Dodatkowo wprowadzenie etatyzacji będzie się wiązało ze znaczącym wzrostem kosztów funkcjonowania Inspekcji Weterynaryjnej, gdyż państwo zostanie zobligowane do opłacenia wszystkich kosztów utworzenia nowych etatów. Z wyliczeń dokonanych przez ministerstwo rolnictwa wynika, że utworzenie nowych etatów w liczbie 1122 dla lekarzy weterynarii będzie kosztowało rocznie 145 023 436,80 zł (1 etat to 9 000 zł brutto miesięcznie). Dodatkowo zaplanowano utworzenie 748 etatów dla personelu pomocniczego, co spowoduje roczne obciążenie budżetu państwa o kolejne 48 341 145,60 zł (1 etat to 4 500 zł brutto miesięcznie). Czy taki plan zatrudnienia 1122 lekarzy i 748 pomocników ma szansę powodzenia? Niestety jest to wątpliwe… Zatrudnienie się na etat w Inspekcji Weterynaryjnej będzie często wiązało się z koniecznością zamknięcia swojej prywatnej praktyki weterynaryjnej, a w praktyce z rezygnacją z przychodów wynikających z takiej działalności. Ponadto proponowana wysokość wynagrodzenia na poziomie 9 000 zł brutto jest niższa niż średnie miesięczne wynagrodzenie lekarzy wyznaczonych w takich województwach jak mazowieckie, opolskie, świętokrzyskie, czy zachodniopomorskie, w których to województwach – zgodnie z danymi prezentowanymi przez ministerstwo rolnictwa – wynagrodzenie przekracza 10 000 zł. Dlatego zapewnienie etatowej kadry wykwalifikowanych lekarzy weterynarii do nadzoru nad rzeźniami może okazać się niemożliwe do spełnienia, co w konsekwencji nie dość, że nie poprawi kiepskiej sytuacji Inspekcji Weterynaryjnej, to wręcz doprowadzi do jej pogorszenia.
Kolejnym zaproponowanym w projekcie nowym wydatkiem dla budżetu państwa jest podwyżka wynagrodzeń dla pracowników Inspekcji Weterynaryjnej.
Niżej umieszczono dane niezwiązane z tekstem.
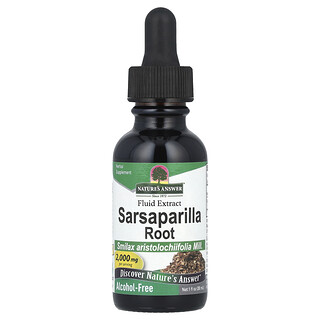 Nature's Answer, Sarsaparilla Root, Fluid Extract, flüssiger Extrakt aus Sarsaparillawurzel, alkoholfrei, 2.000 mg, 30 ml (1 fl. oz.)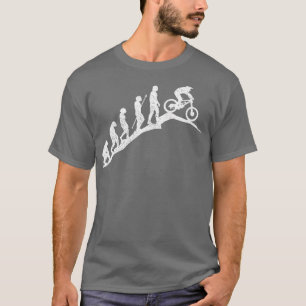 Camiseta Evolução da Descida de bicicleta de montanha MB Bi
Projekt przewiduje zwiększenie miesięcznego wynagrodzenia dla 5710 pracowników o 2 000 zł brutto, co oznacza roczny koszt dla budżetu w wysokości 164 009 472,00 zł. Jest to tak naprawdę jedyny w wyżej wymienionych pomysłów, który zasługuje na poparcie, ponieważ prawdziwą siłę inspekcji mogą stanowić jedynie odpowiednio uposażeni, docenieni finansowo, wysoko wykwalifikowani pracownicy.
Pobożne życzenia
Reasumując projekt ustawy o zmianie niektórych ustaw w celu wzmocnienia nadzoru nad ubojem zwierząt rzeźnych oraz bezpieczeństwem produktów pochodzenia zwierzęcego generuje wysokie koszty dla budżetu państwa, których zrealizowanie najprawdopodobniej będzie niemożliwe. Minister Finansów w ramach uzgodnień zauważył, że okoliczności związane z realizacją przez Rząd programów i inicjatyw w ramach projektu zrównoważonego budżetu na rok 2020, nie przewidującego wolnej przestrzeni fiskalnej dla nowych wydatków, jak również założenia na lata kolejne – nie pozwalają na zmianę stanowiska Ministra Finansów. Tym samym pozostaje aktualna zasadnicza kwestia związana z ponadplanowymi wydatkami dla sektora finansów publicznych, iż nowe zadania, przewidziane w ww. projekcie ustawy należy finansować w ramach limitu wydatków właściwego dysponenta. Jak widać, zaprezentowane stanowisko Ministra Finansów nie pozostawia złudzeń. Minister rolnictwa nie ma możliwości zwiększenia budżetu Inspekcji Weterynaryjnej, a wszelkie zmiany może projektować jedynie w ramach środków, które już posiada. Zatem zarówno etatyzacja nadzoru nad rzeźniami jak i zwiększenie wynagrodzeń dla aktualnie zatrudnionych osób w inspekcji pozostają jedynie w sferze marzeń.